EXERCISE DIRECTIONS
Without copying the images, write out all the entries below verbatim.
Segment Open
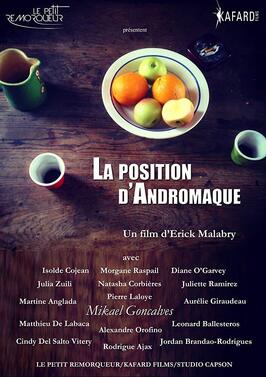 Фильм La position d'Andromaque.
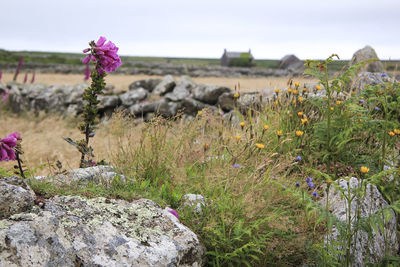 Purple flowering plants on rocks against sky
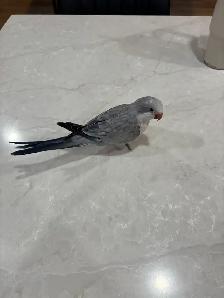 Opaline Cobalt Quaker Parrot   Cage (4months, DNA Female) - Photo 5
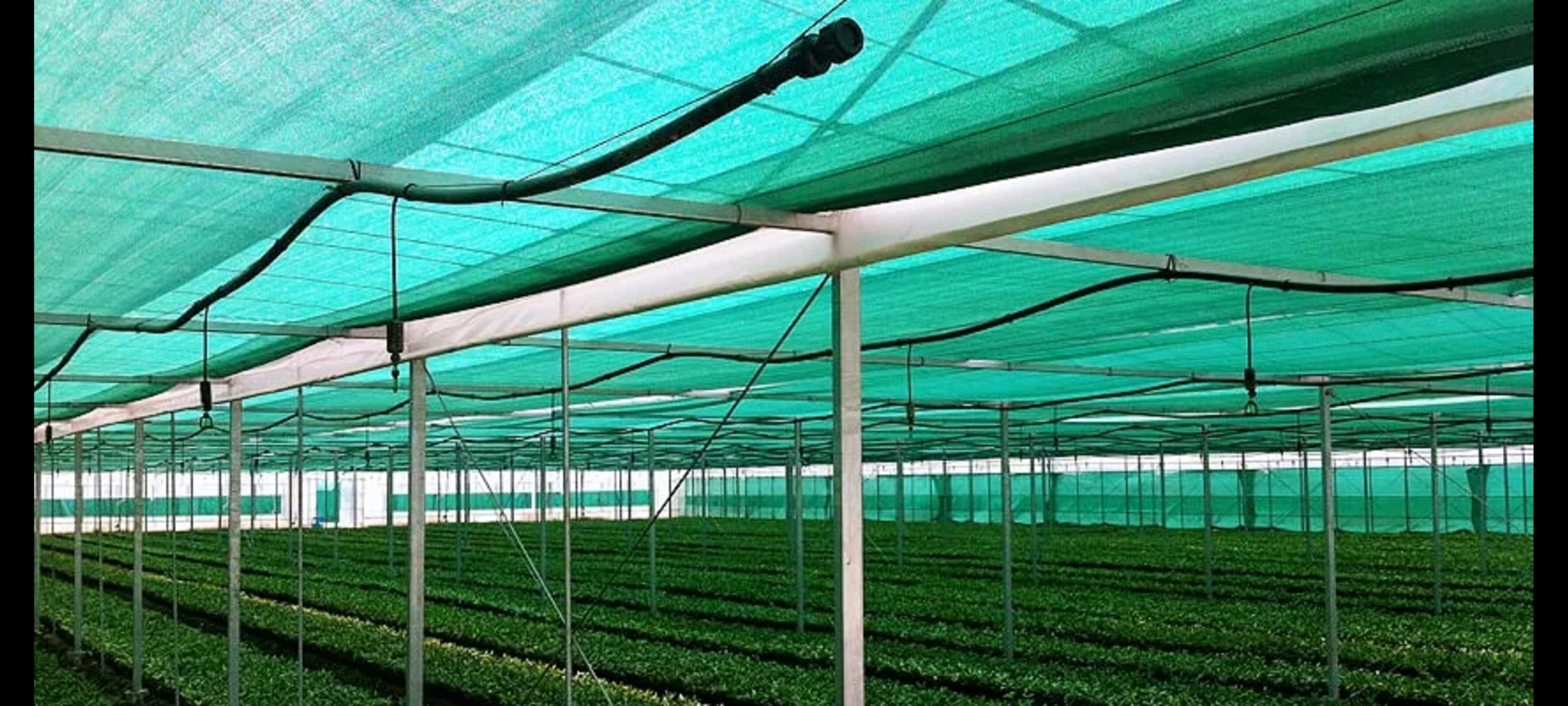 best-shade-net-installation-services-in-abu-dhabi (1) best-shade-net-installation-services-in-abu-dhabi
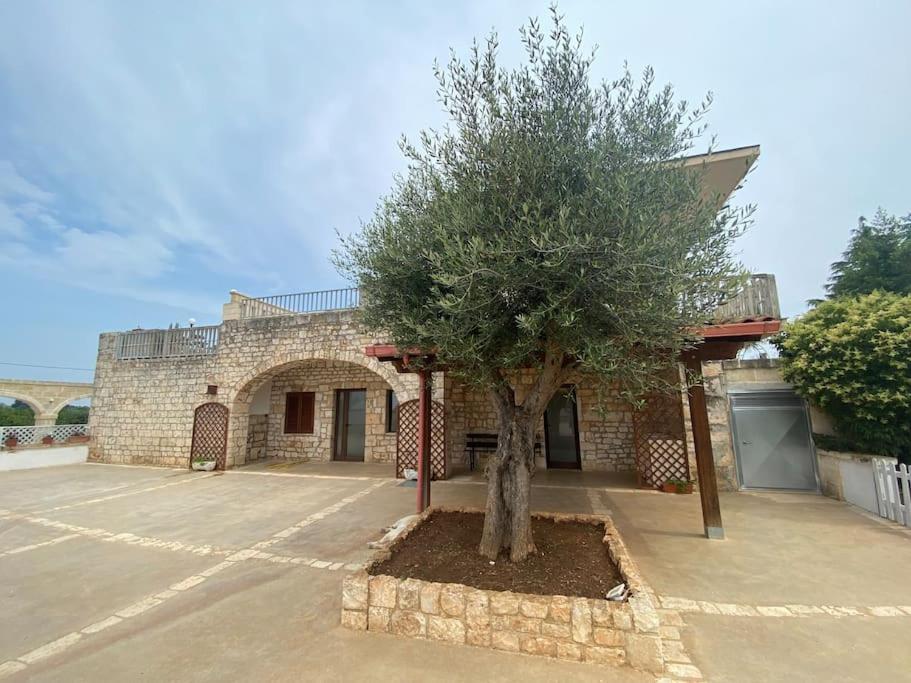 Villa Coco Monopoli Dış mekan fotoğraf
Segment Closed
RESPONSE BOX
 Фильм La position d'Andromaque.
 Purple flowering plants on rocks against sky
 Opaline Cobalt Quaker Parrot   Cage (4months, DNA Female) - Photo 5
 best-shade-net-installation-services-in-abu-dhabi (1) best-shade-net-installation-services-in-abu-dhabi
 Villa Coco Monopoli Dış mekan fotoğraf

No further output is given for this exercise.